Climate Change is Threating our Global Cardiovascular Health: A Call to Arms

The following article was written by Dr. Kahtan Fadah as a CardioNerds Conference Scholar for The American Society for Preventive Cardiology (ASPC) 2022 Congress on Cardiovascular Disease Prevention.

It is estimated that 62% of pollution-related mortality is due to cardiovascular disease (CVD) (1). Sadly, CVD is even higher in minority populations or those of low socioeconomic origins, as reported in several studies (2). Currently, the worldwide healthcare community is contributing to approximately 4.4% of Global Green House Gases (GHG), according to the UN Intergovernmental Report “Climate Change 2021”. This contribution is even higher in the United States at 8.5%. Due to this imminent danger, Dr. Martha Gulati, the President of ASPC and Professor of Medicine, Director of CVD Prevention, and Associate Director of the Barbra Streisand Women’s Heart Center at Cedars Sinai Heart Institute called us all to arms at the 2022 Congress on Cardiovascular Disease Prevention: “Whenever there has been a global crisis, people in medicine have stood up and try to get the resources to address it. There is no greater example recently than COVID-19 pandemic, but climate change is a here now problem and it is affecting global health at scale we are underestimating. …For a preventive cardiologist I feel we can be silent no more. We need to be addressing the climate”.
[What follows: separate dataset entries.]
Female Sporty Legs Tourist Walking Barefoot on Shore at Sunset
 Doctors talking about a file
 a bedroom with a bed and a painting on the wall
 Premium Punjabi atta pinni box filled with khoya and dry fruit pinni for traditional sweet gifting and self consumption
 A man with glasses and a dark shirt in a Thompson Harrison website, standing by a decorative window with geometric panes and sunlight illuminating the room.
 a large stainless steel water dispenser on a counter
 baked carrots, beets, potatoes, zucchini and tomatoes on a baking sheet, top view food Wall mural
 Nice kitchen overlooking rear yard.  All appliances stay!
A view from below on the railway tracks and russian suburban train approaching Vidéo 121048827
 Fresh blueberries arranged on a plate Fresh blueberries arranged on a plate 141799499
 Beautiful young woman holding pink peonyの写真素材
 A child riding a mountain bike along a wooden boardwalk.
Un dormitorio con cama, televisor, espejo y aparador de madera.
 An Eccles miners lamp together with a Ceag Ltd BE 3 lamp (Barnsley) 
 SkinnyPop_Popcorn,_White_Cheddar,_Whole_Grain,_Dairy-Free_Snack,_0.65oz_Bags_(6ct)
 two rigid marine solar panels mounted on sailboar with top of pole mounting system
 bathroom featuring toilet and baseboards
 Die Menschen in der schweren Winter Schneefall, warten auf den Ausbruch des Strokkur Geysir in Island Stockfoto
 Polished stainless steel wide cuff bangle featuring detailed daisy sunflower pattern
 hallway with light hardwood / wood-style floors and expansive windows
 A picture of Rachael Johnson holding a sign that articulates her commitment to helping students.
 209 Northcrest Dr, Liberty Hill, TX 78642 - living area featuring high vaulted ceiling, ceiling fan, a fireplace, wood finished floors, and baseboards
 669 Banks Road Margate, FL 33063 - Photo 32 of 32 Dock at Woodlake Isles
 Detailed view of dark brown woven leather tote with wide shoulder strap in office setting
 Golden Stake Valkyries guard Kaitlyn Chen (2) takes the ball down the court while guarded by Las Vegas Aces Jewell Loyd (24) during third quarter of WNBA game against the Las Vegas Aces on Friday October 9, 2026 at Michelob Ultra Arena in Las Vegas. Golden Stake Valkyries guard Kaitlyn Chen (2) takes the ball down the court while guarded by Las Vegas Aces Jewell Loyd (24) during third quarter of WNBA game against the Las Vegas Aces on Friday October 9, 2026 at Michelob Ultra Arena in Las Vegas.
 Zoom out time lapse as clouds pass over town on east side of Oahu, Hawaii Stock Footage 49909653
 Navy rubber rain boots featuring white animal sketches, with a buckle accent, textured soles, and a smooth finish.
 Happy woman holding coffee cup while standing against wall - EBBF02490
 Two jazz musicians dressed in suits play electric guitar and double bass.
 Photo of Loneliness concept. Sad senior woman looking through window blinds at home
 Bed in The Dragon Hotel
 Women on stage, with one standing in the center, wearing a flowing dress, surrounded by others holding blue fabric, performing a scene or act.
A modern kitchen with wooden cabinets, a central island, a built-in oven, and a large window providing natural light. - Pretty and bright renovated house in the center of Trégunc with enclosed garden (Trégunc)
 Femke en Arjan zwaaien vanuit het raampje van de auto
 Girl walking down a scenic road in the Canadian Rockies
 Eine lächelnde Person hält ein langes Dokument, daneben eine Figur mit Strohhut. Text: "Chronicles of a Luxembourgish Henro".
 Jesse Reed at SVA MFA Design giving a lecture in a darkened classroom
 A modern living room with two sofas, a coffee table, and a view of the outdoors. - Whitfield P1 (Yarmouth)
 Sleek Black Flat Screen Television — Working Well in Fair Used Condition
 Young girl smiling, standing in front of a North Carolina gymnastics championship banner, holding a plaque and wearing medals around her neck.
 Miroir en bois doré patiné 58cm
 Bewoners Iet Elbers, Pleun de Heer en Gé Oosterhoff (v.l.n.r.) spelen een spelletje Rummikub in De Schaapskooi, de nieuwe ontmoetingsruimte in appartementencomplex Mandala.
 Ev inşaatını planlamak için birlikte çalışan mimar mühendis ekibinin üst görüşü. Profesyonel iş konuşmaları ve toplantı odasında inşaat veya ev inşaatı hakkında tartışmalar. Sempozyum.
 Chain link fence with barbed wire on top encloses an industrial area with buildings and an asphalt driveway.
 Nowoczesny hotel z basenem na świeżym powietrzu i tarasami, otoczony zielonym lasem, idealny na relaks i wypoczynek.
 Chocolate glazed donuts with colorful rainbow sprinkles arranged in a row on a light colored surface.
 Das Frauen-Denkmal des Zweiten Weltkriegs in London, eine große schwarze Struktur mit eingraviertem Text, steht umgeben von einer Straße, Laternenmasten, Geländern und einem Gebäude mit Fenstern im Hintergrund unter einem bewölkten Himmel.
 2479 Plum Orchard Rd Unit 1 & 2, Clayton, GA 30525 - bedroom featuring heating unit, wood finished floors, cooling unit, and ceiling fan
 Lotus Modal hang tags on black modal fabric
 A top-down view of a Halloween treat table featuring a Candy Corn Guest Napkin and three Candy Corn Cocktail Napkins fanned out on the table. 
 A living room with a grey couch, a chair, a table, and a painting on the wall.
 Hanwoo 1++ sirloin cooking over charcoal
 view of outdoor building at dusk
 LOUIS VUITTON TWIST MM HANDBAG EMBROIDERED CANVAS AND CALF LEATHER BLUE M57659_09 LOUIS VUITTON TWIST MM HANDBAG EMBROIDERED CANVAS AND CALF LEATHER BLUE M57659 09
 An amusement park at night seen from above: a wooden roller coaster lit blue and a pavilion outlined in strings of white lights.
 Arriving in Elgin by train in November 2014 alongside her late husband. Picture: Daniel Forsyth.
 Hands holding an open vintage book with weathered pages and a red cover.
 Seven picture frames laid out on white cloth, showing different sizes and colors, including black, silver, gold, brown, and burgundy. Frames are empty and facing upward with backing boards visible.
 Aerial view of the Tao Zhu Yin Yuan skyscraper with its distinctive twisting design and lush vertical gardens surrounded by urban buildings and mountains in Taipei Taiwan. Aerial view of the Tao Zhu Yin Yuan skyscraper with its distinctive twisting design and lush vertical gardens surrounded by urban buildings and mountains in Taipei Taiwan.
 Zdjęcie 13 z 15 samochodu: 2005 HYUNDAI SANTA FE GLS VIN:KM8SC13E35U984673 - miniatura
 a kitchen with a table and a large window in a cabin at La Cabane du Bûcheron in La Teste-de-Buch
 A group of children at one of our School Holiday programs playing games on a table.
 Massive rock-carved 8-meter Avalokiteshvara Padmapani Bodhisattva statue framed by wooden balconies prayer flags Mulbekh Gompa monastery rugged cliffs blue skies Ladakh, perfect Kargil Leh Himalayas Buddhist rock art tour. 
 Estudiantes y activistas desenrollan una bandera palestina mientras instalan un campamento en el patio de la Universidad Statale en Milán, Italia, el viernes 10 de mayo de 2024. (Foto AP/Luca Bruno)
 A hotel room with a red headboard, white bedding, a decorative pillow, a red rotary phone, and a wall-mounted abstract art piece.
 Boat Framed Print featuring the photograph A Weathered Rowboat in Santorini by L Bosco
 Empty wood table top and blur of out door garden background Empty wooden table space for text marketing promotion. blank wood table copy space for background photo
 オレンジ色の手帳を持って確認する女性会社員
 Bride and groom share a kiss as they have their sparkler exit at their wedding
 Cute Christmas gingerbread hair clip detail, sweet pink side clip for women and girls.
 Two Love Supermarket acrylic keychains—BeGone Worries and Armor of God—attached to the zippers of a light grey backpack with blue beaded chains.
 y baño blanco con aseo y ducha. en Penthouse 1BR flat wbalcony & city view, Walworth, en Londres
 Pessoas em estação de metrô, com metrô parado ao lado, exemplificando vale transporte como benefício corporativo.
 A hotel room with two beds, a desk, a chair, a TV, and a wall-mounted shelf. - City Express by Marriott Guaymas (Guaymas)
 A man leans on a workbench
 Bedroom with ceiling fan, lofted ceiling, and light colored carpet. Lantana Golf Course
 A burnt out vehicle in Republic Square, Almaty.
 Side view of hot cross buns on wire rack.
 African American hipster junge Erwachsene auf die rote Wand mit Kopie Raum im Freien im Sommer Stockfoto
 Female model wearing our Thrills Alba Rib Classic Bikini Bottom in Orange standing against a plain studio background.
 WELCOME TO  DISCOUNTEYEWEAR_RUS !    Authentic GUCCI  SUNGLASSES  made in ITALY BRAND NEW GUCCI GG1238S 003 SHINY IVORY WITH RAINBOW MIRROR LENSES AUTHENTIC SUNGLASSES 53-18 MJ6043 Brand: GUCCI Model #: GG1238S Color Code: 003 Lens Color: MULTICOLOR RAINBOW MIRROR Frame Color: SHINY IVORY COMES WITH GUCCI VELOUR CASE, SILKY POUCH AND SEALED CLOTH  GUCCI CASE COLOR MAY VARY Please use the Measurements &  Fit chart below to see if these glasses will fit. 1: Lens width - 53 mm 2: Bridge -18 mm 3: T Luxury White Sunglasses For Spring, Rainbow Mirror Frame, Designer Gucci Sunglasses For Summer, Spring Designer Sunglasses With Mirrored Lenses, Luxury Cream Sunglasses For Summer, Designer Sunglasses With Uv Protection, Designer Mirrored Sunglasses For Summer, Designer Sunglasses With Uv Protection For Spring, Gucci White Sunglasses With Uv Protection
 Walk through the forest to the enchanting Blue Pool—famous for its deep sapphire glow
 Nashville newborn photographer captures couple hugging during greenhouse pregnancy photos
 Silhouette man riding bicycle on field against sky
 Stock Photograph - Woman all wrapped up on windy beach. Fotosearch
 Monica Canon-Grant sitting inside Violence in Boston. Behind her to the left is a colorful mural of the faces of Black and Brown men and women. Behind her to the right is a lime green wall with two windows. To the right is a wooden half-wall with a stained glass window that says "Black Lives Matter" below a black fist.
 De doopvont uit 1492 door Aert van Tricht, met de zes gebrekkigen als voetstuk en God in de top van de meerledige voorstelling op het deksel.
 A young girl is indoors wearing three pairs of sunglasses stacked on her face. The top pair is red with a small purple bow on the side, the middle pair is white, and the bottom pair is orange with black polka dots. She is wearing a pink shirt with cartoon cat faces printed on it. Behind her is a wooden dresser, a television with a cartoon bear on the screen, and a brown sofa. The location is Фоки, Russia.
Unfortunately, a few days before our arrival to ASPC 2022 in Louisville, Kentucky, the state was flooded with heavy rainfall that tragically ended the lives of 37 individuals; this number is expected to grow. This year, the USA has witnessed extreme heat while the rest of the world is witnessing unpredictable disasters from heavy rains, floods, and wildfires to dust storms. The rapid escalation of these natural disasters in recent times mandates our attention to the root cause as time for meaningful change may be running out. In the words of former US President Barak Obama: “We are the first generation to feel the impact of climate change and the last generation that can do something about it.”

Climate change not only increases global temperatures thereby disrupting the thermal physiological homeostasis, but it also ignites air pollution with fine particulate matter (PM2.5) and destroys the healthcare infrastructure. Recently, CVD death has been associated with PM2.5 (2). On an individual level, these changes damage the cardiovascular system via though multiple pathways including inflammation, hypercoagulability, and electrolyte imbalances. The population-level results on overall health may be catastrophic.

We need to halt the progress of these disastrous events. Dr. Gulati noted that the Preventive Cardiology Community is committed to continue its effort to reduce carbon emissions through contributing to a healthy, and sustainable food system, advocating for 100% clean energy and improving the health system effectiveness. Dr. Gulati

In essence, climate change is disrupting the delicate homeostasis which fuels our little blue planet. The growing impact on both extreme weather and cardiovascular health are evident. Without deliberate and concerted interventions, the outlook appears grim. Echoing the sentiments at ASPC 2022, it is our duty as healthcare workers to be active members in addressing climate change. The time to act is now.


  1. Rajagopalan S, Landrigan PJ. Pollution and the Heart. N Engl J Med. 2021 Nov 11;385(20):1881-1892. doi: 10.1056/NEJMra2030281. PMID: 34758254.
  2. Bevan GH, Freedman DA, Lee EK, Rajagopalan S, Al-Kindi SG. Association between ambient air pollution and county-level cardiovascular mortality in the United States by social deprivation index. Am Heart J. 2021 May;235:125-131. doi: 10.1016/j.ahj.2021.02.005. Epub 2021 Feb 13. PMID: 33592167.